= December 1870 West Sydney colonial by-election =

By-election in New South Wales, Australia

A by-election was held for the New South Wales Legislative Assembly electorate of West Sydney on 30 December 1870 because John Robertson was appointed Colonial Secretary and William Windeyer was appointed Solicitor General in the third Martin ministry.
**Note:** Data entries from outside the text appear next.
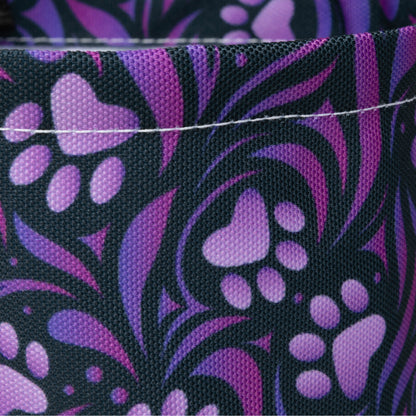 Close-up of fabric with purple paw print pattern on black background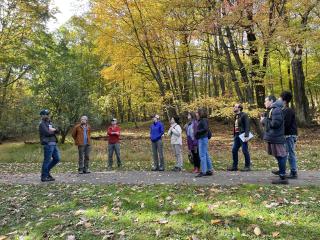 Members of Nature Rx committee lead a walk in the Natural Lands amidst fall foliage.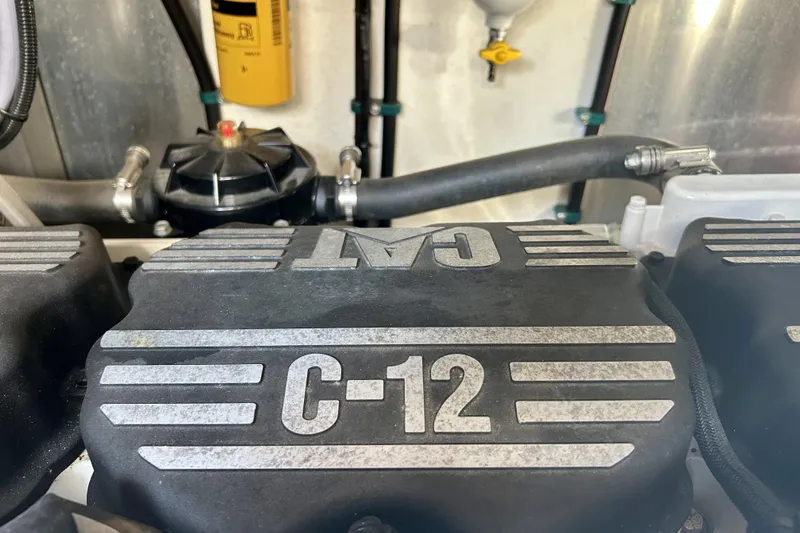 Why Not Yacht Photos Pics Engine compartment of a 2005 Sunseeker Manhattan 50 yacht featuring a CAT C-12 engine.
Such ministerial by-elections were usually uncontested and the other ministers were all re-elected unopposed.

==Dates==

| Date | Event |
|---|---|
| 16 December 1870 | Third Martin ministry appointed. |
| 17 December 1870 | Writ of election issued by the Speaker of the Legislative Assembly. |
| 28 December 1870 | Nominations |
| 30 December 1870 | Polling day |
| 24 January 1871 | Return of writ |

==Result==

1870 West Sydney by-election Friday, 30 December
| Candidate |  | Votes | % |
|---|---|---|---|
| John Robertson (re-elected 1) |  | 2,536 | 38.7 |
| William Windeyer (re-elected 2) |  | 2,393 | 36.6 |
| Joseph O'Connor |  | 1,617 | 24.7 |
| Total formal votes |  | 6,546 | 100.0 |
| Informal votes |  | 0 | 0.0 |
| Turnout |  | 3,214 | 34.8 |

John Robertson was appointed Colonial Secretary and William Windeyer was appointed Solicitor General in the third Martin ministry.